Now whenever people solve limits using the definition, they always follow a "you give me an $\epsilon$ neighbourhood around L and I'll give you a $\delta$ neighbourhood around c that snugly fits around the pre-image of the $\epsilon$ neigbourhood."

My question is why does the $\delta$ neighbourhood necessarily fit snugly around the pre-image of the $\epsilon$ neighbourhood?

When I think intuitively about limits, what I'd like the definition to be is something like this: "As I take an increasingly smaller $\epsilon$ neighbourhood around L, if I can find an increasingly smaller $\delta$ neighbourhood around c that contains the preimage of the $\epsilon$ neighbourhood, then $\lim_{x \to c} \ f(x) = L$."

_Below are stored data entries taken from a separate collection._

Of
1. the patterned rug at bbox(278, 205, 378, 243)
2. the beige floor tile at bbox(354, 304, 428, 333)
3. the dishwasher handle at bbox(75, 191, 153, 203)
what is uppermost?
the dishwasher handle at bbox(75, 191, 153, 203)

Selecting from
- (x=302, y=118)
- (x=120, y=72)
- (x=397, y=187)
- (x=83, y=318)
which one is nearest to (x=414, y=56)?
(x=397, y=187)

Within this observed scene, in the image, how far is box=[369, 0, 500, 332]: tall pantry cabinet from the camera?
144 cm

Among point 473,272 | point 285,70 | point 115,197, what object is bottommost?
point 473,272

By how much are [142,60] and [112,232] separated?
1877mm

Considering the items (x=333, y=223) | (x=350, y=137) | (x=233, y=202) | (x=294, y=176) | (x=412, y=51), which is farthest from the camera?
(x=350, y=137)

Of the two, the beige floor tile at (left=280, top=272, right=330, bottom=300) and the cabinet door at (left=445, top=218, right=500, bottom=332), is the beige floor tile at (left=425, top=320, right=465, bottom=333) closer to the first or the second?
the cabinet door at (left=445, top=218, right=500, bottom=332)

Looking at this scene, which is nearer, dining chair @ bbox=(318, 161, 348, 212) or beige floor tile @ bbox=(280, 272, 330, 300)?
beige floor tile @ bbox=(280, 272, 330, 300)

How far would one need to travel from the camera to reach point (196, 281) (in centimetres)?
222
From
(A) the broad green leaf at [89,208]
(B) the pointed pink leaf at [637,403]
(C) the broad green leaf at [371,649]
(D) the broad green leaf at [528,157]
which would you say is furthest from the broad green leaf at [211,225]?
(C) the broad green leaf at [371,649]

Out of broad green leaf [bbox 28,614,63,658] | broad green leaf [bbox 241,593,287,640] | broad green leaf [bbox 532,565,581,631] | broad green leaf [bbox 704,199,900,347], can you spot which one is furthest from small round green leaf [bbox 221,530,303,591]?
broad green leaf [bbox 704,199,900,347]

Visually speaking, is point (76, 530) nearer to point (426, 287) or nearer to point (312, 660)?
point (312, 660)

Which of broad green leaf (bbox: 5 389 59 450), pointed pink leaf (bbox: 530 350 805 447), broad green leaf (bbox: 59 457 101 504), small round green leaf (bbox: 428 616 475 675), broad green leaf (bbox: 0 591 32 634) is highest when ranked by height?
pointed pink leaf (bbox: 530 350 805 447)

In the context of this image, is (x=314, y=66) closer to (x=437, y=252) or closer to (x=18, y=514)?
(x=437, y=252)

But I don't see that in the standard definition because why can't I take a $\delta$ neighbourhood that is arbitrarily large?

For example if I'm considering

$$\lim_{x \to 2} 2x$$

Why don't I just set $\delta$ = 1,000,000 or something big if $\epsilon$ = 1 ? and If episolon is two million then I set delta to a billion or whatever?

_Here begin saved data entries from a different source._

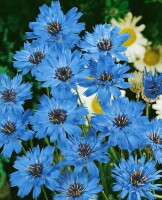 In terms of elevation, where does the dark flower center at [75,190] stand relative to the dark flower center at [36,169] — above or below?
below

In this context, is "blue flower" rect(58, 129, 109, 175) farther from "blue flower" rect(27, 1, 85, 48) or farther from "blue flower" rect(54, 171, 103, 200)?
"blue flower" rect(27, 1, 85, 48)

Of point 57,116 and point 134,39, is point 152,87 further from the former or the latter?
point 134,39

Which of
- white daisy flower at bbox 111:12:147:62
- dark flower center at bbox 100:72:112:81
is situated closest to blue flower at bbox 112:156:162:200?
dark flower center at bbox 100:72:112:81

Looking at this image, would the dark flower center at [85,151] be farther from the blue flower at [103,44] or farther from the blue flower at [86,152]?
the blue flower at [103,44]

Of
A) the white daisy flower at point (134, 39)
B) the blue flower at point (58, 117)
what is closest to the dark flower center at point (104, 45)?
the blue flower at point (58, 117)

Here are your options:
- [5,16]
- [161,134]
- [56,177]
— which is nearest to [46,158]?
[56,177]
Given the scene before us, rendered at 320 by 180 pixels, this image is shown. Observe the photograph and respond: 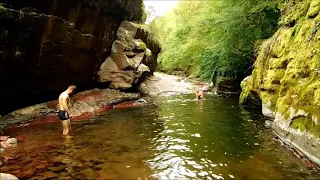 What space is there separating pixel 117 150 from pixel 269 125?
20.3 feet

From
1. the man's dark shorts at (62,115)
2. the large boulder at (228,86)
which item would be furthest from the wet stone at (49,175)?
the large boulder at (228,86)

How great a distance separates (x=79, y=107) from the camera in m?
15.8

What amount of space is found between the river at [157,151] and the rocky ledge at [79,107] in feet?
4.36

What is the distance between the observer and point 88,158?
24.6 feet

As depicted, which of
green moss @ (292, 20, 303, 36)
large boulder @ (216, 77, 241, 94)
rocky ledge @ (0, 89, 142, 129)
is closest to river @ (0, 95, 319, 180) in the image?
rocky ledge @ (0, 89, 142, 129)

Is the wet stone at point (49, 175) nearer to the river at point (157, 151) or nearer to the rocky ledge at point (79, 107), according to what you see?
the river at point (157, 151)

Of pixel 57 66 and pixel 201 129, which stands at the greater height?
pixel 57 66

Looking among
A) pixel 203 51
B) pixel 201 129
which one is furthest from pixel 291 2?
pixel 203 51

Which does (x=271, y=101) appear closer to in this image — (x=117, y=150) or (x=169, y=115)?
(x=169, y=115)

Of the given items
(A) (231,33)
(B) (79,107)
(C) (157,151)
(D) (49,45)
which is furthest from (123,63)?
(C) (157,151)

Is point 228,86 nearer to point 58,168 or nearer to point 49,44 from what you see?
point 49,44

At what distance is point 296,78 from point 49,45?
11.0 meters

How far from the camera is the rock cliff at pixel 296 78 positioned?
23.9 ft

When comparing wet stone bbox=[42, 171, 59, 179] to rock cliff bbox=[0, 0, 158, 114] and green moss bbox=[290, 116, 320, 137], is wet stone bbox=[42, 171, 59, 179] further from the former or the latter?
rock cliff bbox=[0, 0, 158, 114] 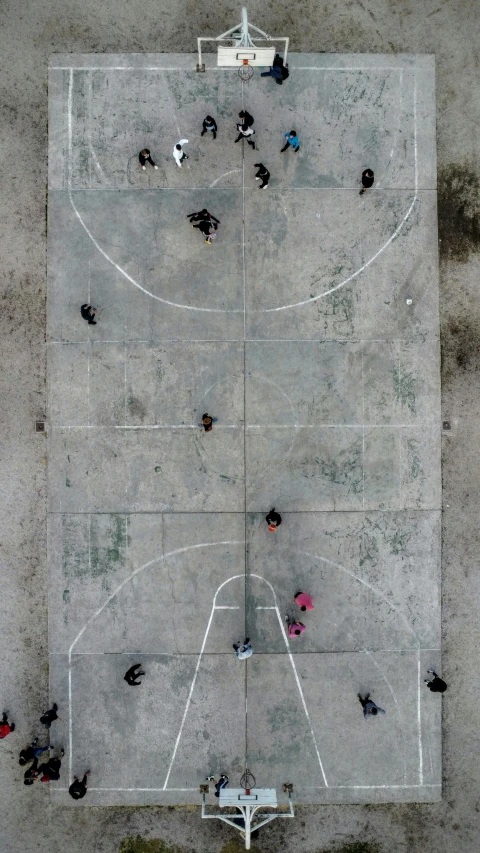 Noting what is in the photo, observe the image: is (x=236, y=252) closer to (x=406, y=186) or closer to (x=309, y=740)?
(x=406, y=186)

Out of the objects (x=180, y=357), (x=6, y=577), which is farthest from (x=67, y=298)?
(x=6, y=577)

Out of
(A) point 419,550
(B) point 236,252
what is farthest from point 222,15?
(A) point 419,550

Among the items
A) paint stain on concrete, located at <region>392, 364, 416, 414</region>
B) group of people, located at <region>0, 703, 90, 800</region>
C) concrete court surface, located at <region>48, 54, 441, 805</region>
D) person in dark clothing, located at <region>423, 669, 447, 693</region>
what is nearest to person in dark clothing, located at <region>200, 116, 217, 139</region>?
concrete court surface, located at <region>48, 54, 441, 805</region>

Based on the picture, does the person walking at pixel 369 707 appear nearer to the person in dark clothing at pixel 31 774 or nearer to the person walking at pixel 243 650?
the person walking at pixel 243 650

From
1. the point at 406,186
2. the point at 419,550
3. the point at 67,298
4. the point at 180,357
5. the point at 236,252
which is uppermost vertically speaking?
the point at 406,186

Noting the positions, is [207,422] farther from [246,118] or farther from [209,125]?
[246,118]

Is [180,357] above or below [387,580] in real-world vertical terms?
above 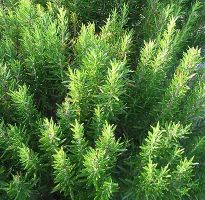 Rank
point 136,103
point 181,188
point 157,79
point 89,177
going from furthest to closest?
point 136,103
point 157,79
point 181,188
point 89,177

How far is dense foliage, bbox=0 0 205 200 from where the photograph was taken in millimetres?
1833

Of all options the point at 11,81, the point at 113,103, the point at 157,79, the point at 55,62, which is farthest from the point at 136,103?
the point at 11,81

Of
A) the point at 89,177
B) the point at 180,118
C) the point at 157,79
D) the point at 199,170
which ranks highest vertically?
the point at 157,79

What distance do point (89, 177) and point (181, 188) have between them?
1.56 ft

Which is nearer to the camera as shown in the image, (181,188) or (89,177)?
(89,177)

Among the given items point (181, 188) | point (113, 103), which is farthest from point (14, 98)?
point (181, 188)

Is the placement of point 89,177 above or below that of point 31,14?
below

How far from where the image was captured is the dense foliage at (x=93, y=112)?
1.83 metres

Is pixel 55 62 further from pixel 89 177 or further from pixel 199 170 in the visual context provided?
pixel 199 170

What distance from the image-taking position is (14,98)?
189 centimetres

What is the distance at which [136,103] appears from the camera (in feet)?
7.38

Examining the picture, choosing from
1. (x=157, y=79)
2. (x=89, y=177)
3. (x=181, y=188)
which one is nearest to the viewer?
(x=89, y=177)

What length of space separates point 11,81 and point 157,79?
76cm

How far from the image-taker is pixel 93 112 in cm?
208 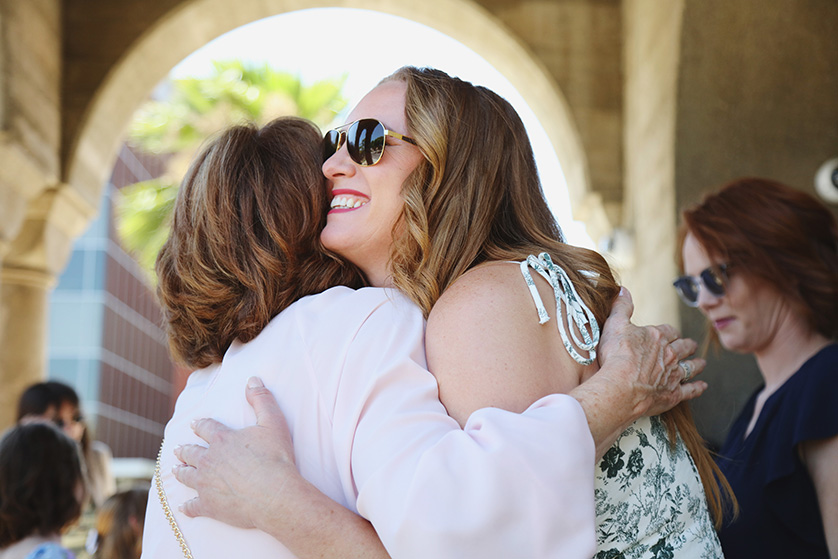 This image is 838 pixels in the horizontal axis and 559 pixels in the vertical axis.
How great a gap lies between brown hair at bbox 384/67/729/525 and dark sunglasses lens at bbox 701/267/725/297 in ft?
4.73

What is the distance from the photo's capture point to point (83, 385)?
28125mm

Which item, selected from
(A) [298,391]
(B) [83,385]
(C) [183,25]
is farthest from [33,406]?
(B) [83,385]

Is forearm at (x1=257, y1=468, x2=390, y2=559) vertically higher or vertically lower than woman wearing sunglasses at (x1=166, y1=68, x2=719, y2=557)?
lower

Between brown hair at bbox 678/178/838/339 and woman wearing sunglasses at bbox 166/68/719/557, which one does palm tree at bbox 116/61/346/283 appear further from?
woman wearing sunglasses at bbox 166/68/719/557

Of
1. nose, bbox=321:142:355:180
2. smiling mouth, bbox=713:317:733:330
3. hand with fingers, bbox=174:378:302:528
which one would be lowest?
hand with fingers, bbox=174:378:302:528

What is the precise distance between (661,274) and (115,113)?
483 cm

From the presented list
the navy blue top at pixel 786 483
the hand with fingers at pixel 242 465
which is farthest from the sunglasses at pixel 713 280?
the hand with fingers at pixel 242 465

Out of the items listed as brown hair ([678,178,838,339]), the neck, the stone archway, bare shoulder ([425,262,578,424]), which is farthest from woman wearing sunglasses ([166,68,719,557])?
the stone archway

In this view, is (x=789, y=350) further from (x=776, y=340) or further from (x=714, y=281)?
(x=714, y=281)

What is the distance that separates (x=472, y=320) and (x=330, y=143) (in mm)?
719

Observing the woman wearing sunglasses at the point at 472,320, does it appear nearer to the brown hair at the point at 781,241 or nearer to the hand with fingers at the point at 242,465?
the hand with fingers at the point at 242,465

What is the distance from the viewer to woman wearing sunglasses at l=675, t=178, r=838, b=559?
2670 mm

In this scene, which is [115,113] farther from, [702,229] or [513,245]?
[513,245]

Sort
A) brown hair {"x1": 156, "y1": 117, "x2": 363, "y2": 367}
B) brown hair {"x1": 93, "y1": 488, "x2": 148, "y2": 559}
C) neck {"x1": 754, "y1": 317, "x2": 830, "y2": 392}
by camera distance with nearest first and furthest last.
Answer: brown hair {"x1": 156, "y1": 117, "x2": 363, "y2": 367} < neck {"x1": 754, "y1": 317, "x2": 830, "y2": 392} < brown hair {"x1": 93, "y1": 488, "x2": 148, "y2": 559} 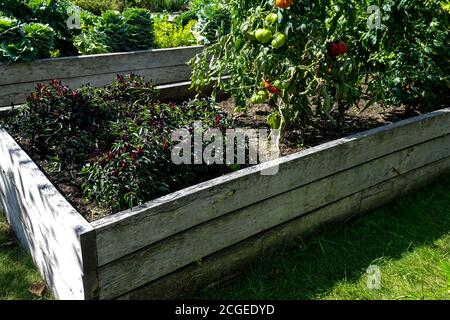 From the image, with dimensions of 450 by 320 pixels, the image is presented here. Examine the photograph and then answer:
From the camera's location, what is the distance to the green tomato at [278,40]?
2.88 meters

If I set delta arbitrarily large wouldn't I still be satisfying $0 < \vert{x-c}\vert < \delta \; \text{such that the inequality} \; \vert f(x) - L\vert < \epsilon \; \text{holds}$?

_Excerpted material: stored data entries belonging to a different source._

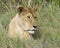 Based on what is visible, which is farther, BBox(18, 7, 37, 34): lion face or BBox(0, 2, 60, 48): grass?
BBox(18, 7, 37, 34): lion face

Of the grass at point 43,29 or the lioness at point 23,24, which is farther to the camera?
the lioness at point 23,24

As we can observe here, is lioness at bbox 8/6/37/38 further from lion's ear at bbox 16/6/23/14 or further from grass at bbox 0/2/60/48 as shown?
grass at bbox 0/2/60/48

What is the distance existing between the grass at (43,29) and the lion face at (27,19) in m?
0.25

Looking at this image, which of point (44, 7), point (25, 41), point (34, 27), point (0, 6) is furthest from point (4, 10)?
point (25, 41)

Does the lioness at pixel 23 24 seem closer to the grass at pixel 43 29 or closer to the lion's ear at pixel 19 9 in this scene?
the lion's ear at pixel 19 9

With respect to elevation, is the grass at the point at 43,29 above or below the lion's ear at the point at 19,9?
below

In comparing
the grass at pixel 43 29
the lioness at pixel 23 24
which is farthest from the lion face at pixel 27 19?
the grass at pixel 43 29

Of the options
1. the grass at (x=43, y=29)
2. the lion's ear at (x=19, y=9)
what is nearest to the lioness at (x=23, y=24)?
the lion's ear at (x=19, y=9)

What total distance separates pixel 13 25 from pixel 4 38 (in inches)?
38.5

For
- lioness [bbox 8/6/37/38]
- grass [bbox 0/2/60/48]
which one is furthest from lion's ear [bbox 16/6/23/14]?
grass [bbox 0/2/60/48]

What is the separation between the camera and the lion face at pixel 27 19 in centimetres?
564

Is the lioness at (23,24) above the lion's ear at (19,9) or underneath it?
underneath

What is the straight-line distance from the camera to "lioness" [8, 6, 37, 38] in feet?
18.7

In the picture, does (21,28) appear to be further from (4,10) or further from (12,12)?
(4,10) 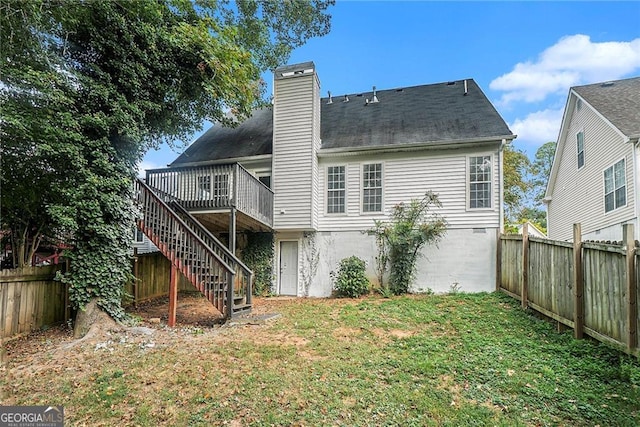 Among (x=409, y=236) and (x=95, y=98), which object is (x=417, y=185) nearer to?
(x=409, y=236)

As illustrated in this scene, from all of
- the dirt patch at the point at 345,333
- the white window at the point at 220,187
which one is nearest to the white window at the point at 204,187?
the white window at the point at 220,187

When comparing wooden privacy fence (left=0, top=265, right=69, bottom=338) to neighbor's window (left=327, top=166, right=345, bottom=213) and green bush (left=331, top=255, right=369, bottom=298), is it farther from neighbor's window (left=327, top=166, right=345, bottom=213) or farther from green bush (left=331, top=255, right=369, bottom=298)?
neighbor's window (left=327, top=166, right=345, bottom=213)

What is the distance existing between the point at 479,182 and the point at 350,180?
415 cm

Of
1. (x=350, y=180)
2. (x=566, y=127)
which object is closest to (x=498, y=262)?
(x=350, y=180)

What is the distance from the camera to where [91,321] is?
649cm

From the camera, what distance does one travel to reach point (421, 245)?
10.7 meters

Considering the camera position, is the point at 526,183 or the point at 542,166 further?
the point at 542,166

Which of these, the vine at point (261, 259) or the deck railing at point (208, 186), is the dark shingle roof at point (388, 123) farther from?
the vine at point (261, 259)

I just can't figure it out! Thank you!

• Eric addressed the main issue, but also I think it would be more clear to just omit the word "snugly". – littleO Jul 7 '16 at 21:01
• The bigger $\delta$ is, the more points have to satisfy that condition. A condition is more easily satisfied by a few points than by a much bigger superset of those points – Ant Jul 7 '16 at 21:02
• I never heard anyone say "a $\delta$ neighbourhood That fits snugly around the $\epsilon$ neighbourhood" and I seriously doubt that you heard anyone saying that either. Probably you heard wrong. If not, you're listening to the wrong people, they don't know what they're talking about. What you want is a $\delta$ neighbourhood that is contained in the preimage of the $\epsilon$ neighbourhood. – bof Jul 9 '16 at 3:39
• And you don't want "$0\lt|x-c|\lt\delta$ such that the inequality $|f(x)-L|\lt\epsilon$ holds", you want $0\lt|x-c|\lt\delta$ implies $|f(x)-L|\lt\epsilon$. – bof Jul 9 '16 at 3:42

You indeed don't want the $\delta$-neighborhood to snugly fit around the preimage of the $\epsilon$-neighborhood. Rather, you want the $\delta$-neighborhood to snugly fit inside the preimage of the $\epsilon$-neighborhood. This is why you need to chose $\delta$ to be small, since the preimage of the $\epsilon$-neighborhood is probably small. (As pointed out in the comments, in fact, you don't really need it to fit "snugly" inside the preimage--there is no harm in making the $\delta$-neighborhood even smaller than it needs to be.)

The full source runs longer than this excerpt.